Is the WWE Wellness Program as foolproof as WWE claim?

WWE’s current Wellness Policy came into effect following the death of the late great Eddie Guerrero

The WWE Wellness Programs is once again in the spotlight this week after Roman Reign’s 30 day suspension following a policy violation. Once again the same questions about the Wellness Programs are creeping up – Is it actually legitimate? Do all policy violations get reported or do some of them get swept under the covers? Has it helped since its implementation almost 10 years ago?

In this article, we look at some of the answers to these questions and also present other facts about the Wellness Program as well as its history. And at the end, it may give us a clearer look at all aspects of the wellness policy and how effective this policy has been.

Here are 7 things you need to know about WWE’s Wellness Program



#7 Today’s program started after the death of Eddie Guerrero

Eddie wasn’t the last wrestler taken from us before his time due to years of substance abuse.

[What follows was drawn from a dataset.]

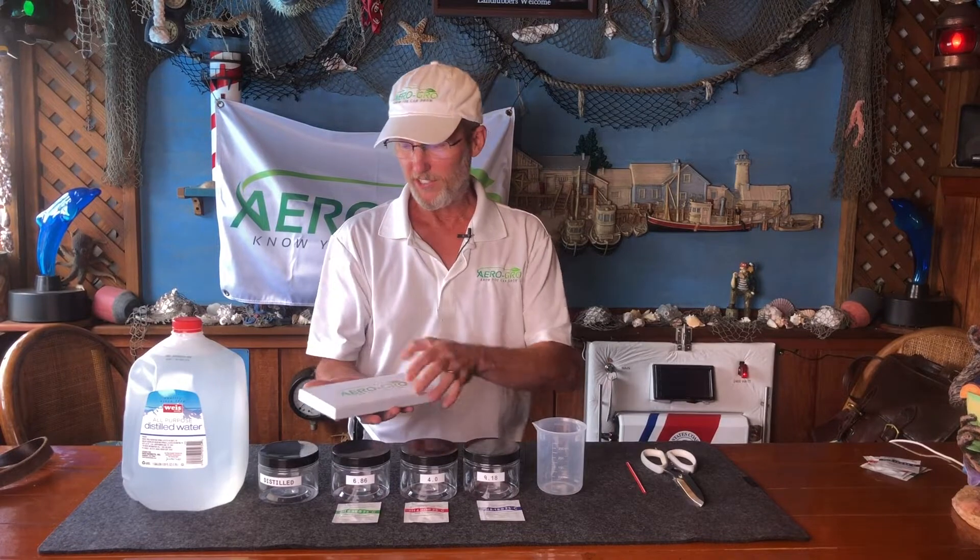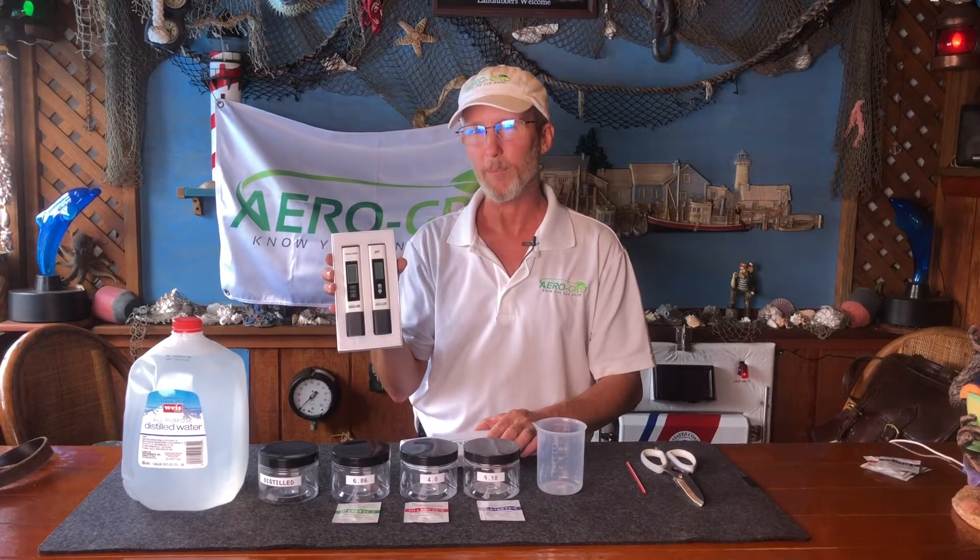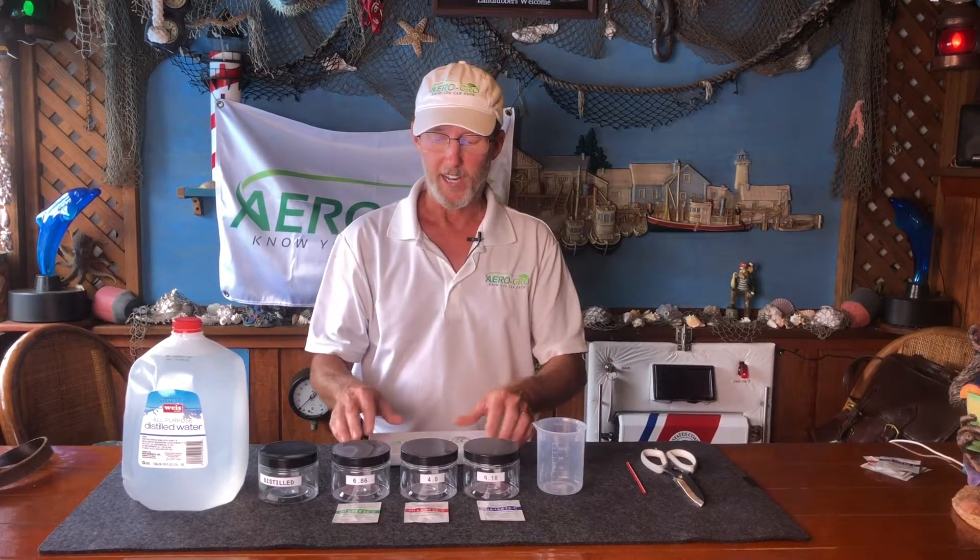Hi, my name is Andrew and I'm the owner of AeroGrow. If this meter looks at all familiar to you and you purchased it on Amazon and you're wondering how to calibrate your meter, you are definitely in the right place — that's what we're going to be doing today. The written instructions can make it seem a bit complicated, but it's really not. There are only a couple of steps and I have everything laid out right here.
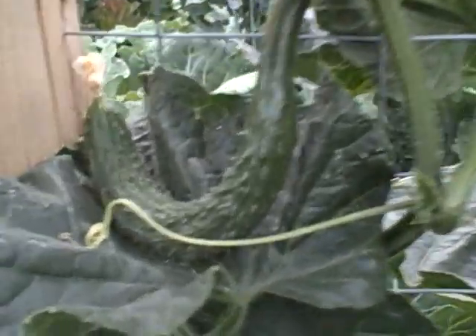I think that's about it for this episode of growingyourgreens.com. Remember you can grow your own greens. And check out that little baby of a cucumber.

WWE first announced the current form of the WWE Wellness Program following the death of the late, great Eddie Guerrero in 2006. Eddie was a beloved performer and future Hall of Famer whose heart gave out on him at the age of 38, following years of steroid and prescription drug abuse.

Eddie’s death lead to shockwaves all over the wrestling world and made WWE management take a step to a look at the long-term health of talent. The original form of the Program came into effect in February 2007 and had two major components, an aggressive substance abuse and drug testing policy, and a cardiovascular testing and monitoring program.

This version of the Wellness Program itself has a clear loophole in it because it only condemns ‘non-medical use’.